The vulnerability that I have been met with has not only been from families but also from teachers. At one of our partner schools, we are supporting school-wide initiatives to reduce chronic absenteeism. It has been a collaborative effort between teachers and SchermCo. We go into their classrooms to provide them time during the day to call families of students who have been chronically absent. Although it is something we offer, it does not work for all teachers. As a former educator, I remember the days when students would act completely different the moment a stranger would step foot into the classroom. For example, when asked about Teacher Appreciation Week, I would always ask that my classroom not have any visitors, and I would not want others to step into a meticulously curated environment, which is something I understand. In the past three months, I have been building trust, as our work is relational. For example, one of the teachers went from refusing me into her classroom to completely trusting me with her scholars. She showed complete vulnerability by not only allowing me into her classroom but also handing over situations of families that were coming to her for help. After having the time to speak with her, I learned about a student in her classroom who had recently arrived from Guatemala, it was only her second day, and she had spent it crying. I was allowed to talk with the student outside, connected the parents with resources and their extended family, explained to the student what to expect for the next week, and reassured her that she was in good hands. Being able to ask for help for yourself can be difficult; being able to ask for help for others who are expecting YOU to help them takes vulnerability. The help needed for the student reflected the lack of Spanish-speaking staff at the school, where more than 45% of the students and families were Spanish-speaking. I felt beyond honored to be able to aid not only the family but also the educator.
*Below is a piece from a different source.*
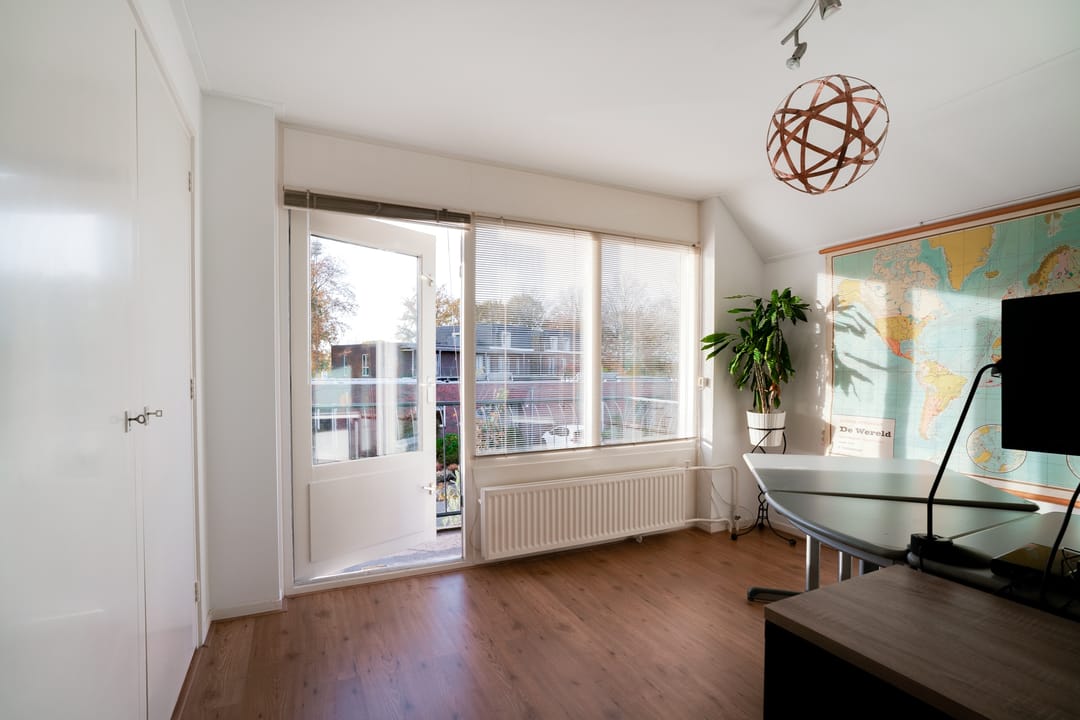 Foto 46 van Judostraat 7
It allowed for a space to be created where the educator and I can now speak openly and honestly about the communities we inhabit and the needs we are seeing. 

Families walking through a showcase of different Latin American countries and community resources at Quail Hollow’s International Festival.

That’s just one example. The vulnerability that teachers show has been humbling. They have allowed me to come into their classrooms and shared their students and families with us so that those under their care can be connected to additional resources and receive services. It has been a true collaboration. I look forward to fostering more intentional relationships within the communities I serve. More than anything, I look forward to learning more about individuals and communities in Charlotte. Taking part in family empowerment work means I have the privilege of being connected to multiple organizations; as Charlotte grows, so will community needs. I am excited to see development in the non-profit center as we continue to meet needs.